On March 1, 2018, 'The New York Times' and 'The Washington Post' reported that the OIG report held McCabe "responsible for approving an improper media disclosure," related to an October 2016 'Wall Street Journal' article about the disputes between the 'Justice Department' and the FBI over investigation into the 'Clinton Foundation.' Citing the OIG report, the 'Office of Professional Responsibility' of the FBI recommended McCabe's dismissal.
On March 17, Democratic Congressman Mark Pocan of Wisconsin, who did not support the dismissal, offered McCabe a security post in his congressional office. Massachusetts Democratic Congressman Seth Moulton also reportedly considered McCabe for a position in his office.
McCabe was on paid leave until his scheduled retirement on March 18, 2018,(3)and he did not lose his entire retirement pension.

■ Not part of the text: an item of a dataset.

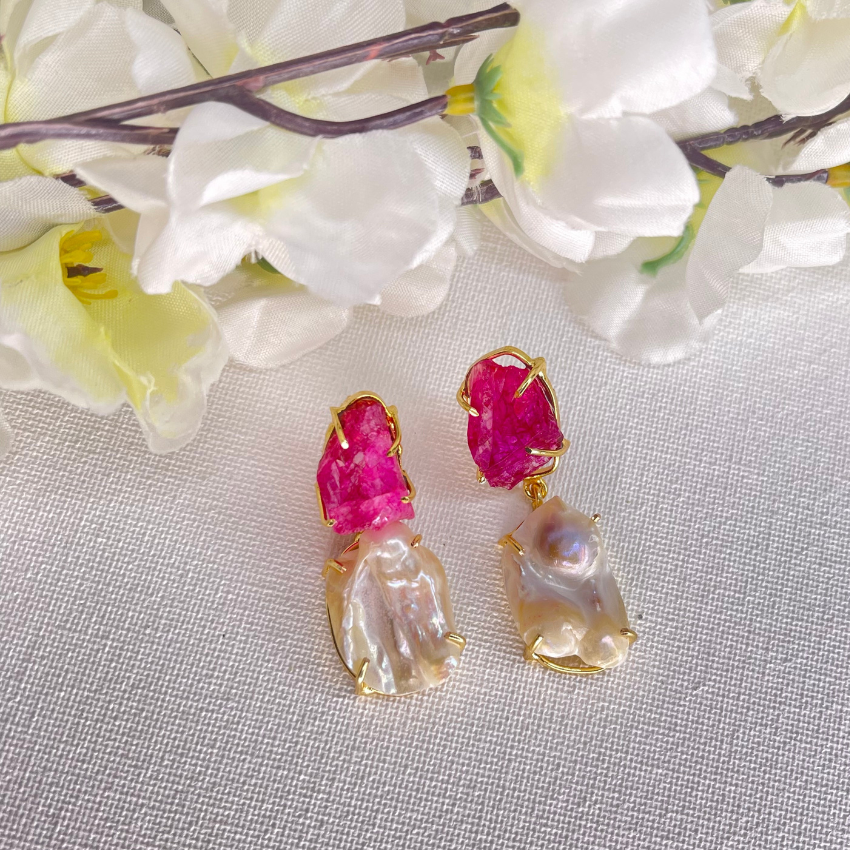 Uneven Shape Gemstone | Baroque Pearl & Pink Agate Druzy Gold Plated Dangle Statement Earrings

On April 13, 2018, the Congress received the OIG report, which was also acquired by the 'Associated Press' and published. McCabe vehemently disputed the report's conclusions. The report suggested that McCabe misled the federal investigation at least four times, three of them while being under oath. His lawyer, Michael R. Bromwich, defended his client saying both the investigation and the report had been politicized by Trump. Bromwich declared McCabe's intention to sue the Trump administration
In August 2019, McCabe filed a lawsuit against the 'US Justice Department' for his wrongful termination. He indicated that his dismissal, which took effect just 26 hours before his scheduled retirement, resulted from Trump's improper political intervention. He claimed to be entitled to his full law enforcement pension and all other benefits and privileges.
McCabe has been persuading the DOJ to drop its case of releasing information to 'The Wall Street Journal' relating to the 'Clinton Foundation' investigation. According to him, it lacks of evidence, so the case should be dismissed. The grand jury, after being idle on the case for months, was summoned to resume in early September 2019. The case was, however, dismissed without any public announcement of an accusation. The DOJ rejected McCabe's arguments, while the prosecutors recommended his indictment.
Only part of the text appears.